Serving Size: 2 Adults & 2 Children
Preparation Time: 10 minutes
Cooking Time: 15 minutes
Ingredients (A)
1. Squid - 2 large
2. Cooking oil - 1 tablespoon
3. Sesame seeds - to garnish
Ingredients (B)
1. Water - 1 cup
2. Soy sauce - ⅓ cup
3. Mirin/Rice vinegar - 3 tablespoons
4. Corn starch - 1 tablespoon dissolved in ¼ cup water
5. Sesame oil - 1 tbsp
6. Brown sugar - 3 tablespoons
7. Ground black pepper - ½ teaspoon
8. Ginger - 2 thin slices
9. Garlic - 2 cloves, minced
10. Onion - ½ small, do not chop
Preparation Instructions
1. Thoroughly clean the squid, leave the tentacles intact.

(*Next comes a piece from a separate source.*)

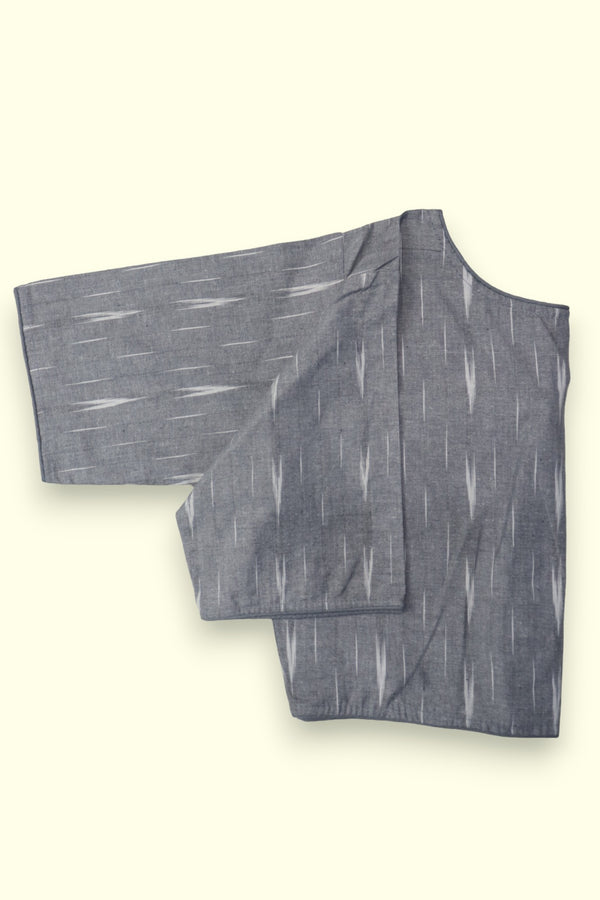 HIGH NECK COTTON SAREE BLOUSE - GREY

2. Using a knife, score the body of the squid horizontally, making rings but not fully cut through.
Cooking Instructions
1. Mix all of ingredients (B), except for the cornstarch slurry, in a saucepan on medium heat and bring to a boil.
2. When the sauce is boiling, pour in the cornstarch slurry and leave to simmer until the sauce has thickened.
3. Take out the ginger slices and onion from the sauce and set aside.
4. Heat a pan or grill plate on medium high with the oil.
5. Grill each squid for 2-3 minutes on each side until fully cooked.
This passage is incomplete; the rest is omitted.